Gilet, dietro gli scontri
un deficit di politica

Saccheggi, incendi, devastazioni. La Parigi che brucia e brulica di scontri rappresenta in modo perfetto la mesta ma forse prevedibile involuzione del movimento dei gilet gialli. Adesso viene facile al presidente Macron definire «criminali» loro e tutti quelli che erano presenti alle manifestazioni, e al suo primo ministro usare senza remore il termine «assassini». Facile perché, ed è persino ovvio sottolinearlo, nessuno può schierarsi al fianco di una protesta che pratica il vandalismo sistematico ai danni di cittadini pacifici e di luoghi che hanno la sola «colpa» di trovarsi lungo la strada di un corteo.

Per di più in un Paese come la Francia che già soffre di altre tensioni violente. Per esempio quella portata dal rinascente antisemitismo, che ha assassinato undici persone negli ultimi dodici anni e che nel solo 2018 ha espresso 541 atti di odio nei confronti degli ebrei. Dicevamo che l’attuale disastro era forse prevedibile perché in tutta la vicenda dei gilet gialli si è registrata una clamorosa diserzione: quella della politica. Il movimento, nato spontaneo sulla base di una rivendicazione sociale ed economica (la protesta contro il caro carburanti, motivato dal Governo con la necessità di avviare la transizione verso una mobilità meno inquinante), non è mai riuscito a dotarsi di un’interfaccia politica che andasse oltre una sporadica sponsorizzazione della destra (molto attenta, però, a non rischiare la propria immagine «legge e ordine») o dell’improbabile sinistra spaventa-borghesi di Melenchon e del suo partito France insoumise. Per non parlare degli pseudo-partiti, drammaticamente ridicoli, immaginati dai ranghi degli stessi gilet gialli.

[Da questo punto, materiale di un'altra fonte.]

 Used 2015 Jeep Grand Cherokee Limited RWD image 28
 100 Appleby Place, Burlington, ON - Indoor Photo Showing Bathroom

Al movimento, arrivato alla diciottesima settimana di proteste, non manca l’energia. Manca la testa. E questo ha lasciato varchi enormi agli esponenti per eccellenza dell’antipolitica, ai black bloc e ai casseurs che imparammo anche noi a conoscere a Genova nel 2001 e che girano per l’Europa in cerca di occasioni per esprimere il loro nichilismo fatto a base di molotov e bastoni. Non aver bloccato queste infiltrazioni è un peccato grave che i gilet gialli stanno già scontando e sconteranno ancor più in futuro. Se si vuol essere onesti, però, bisogna dire che un profondo deficit di politica si è avuto anche sull’altro lato della barricata, quello governativo. La protesta dei gilet gialli è stata prima sottovalutata, guardata con sufficienza, criminalizzata (quando ancora gli episodi di vandalismo e violenza erano minimi e contenibili) e infine affrontata come una sommossa. Le scene di inutile brutalità poliziesca sono ben rappresentate in tutta la Rete. Macron e i suoi, proprio come i partiti «perbene» dello spettro politico francese, si sono tenuti lontani dai gilet gialli fin dall’inizio, e non da quando le proteste sono degenerate. Rifiutando in sostanza di riconoscere che il movimento esprimeva un disagio legittimo e comunque perfettamente calato nei dilemmi delle società europee contemporanee. È stato facile affidarsi al mantra consolatorio del «populismo», mentre sarebbe invece stato necessario ammettere che il tema delle accise sui carburanti pone una questione ben precisa: chi deve finanziare la riconversione in senso ambientalista della mobilità in Europa? Su quali spalle si scaricherà il peso di una trasformazione che cambierà non solo il modo di viaggiare e lavorare ma anche quello di produrre, e con solo automobili?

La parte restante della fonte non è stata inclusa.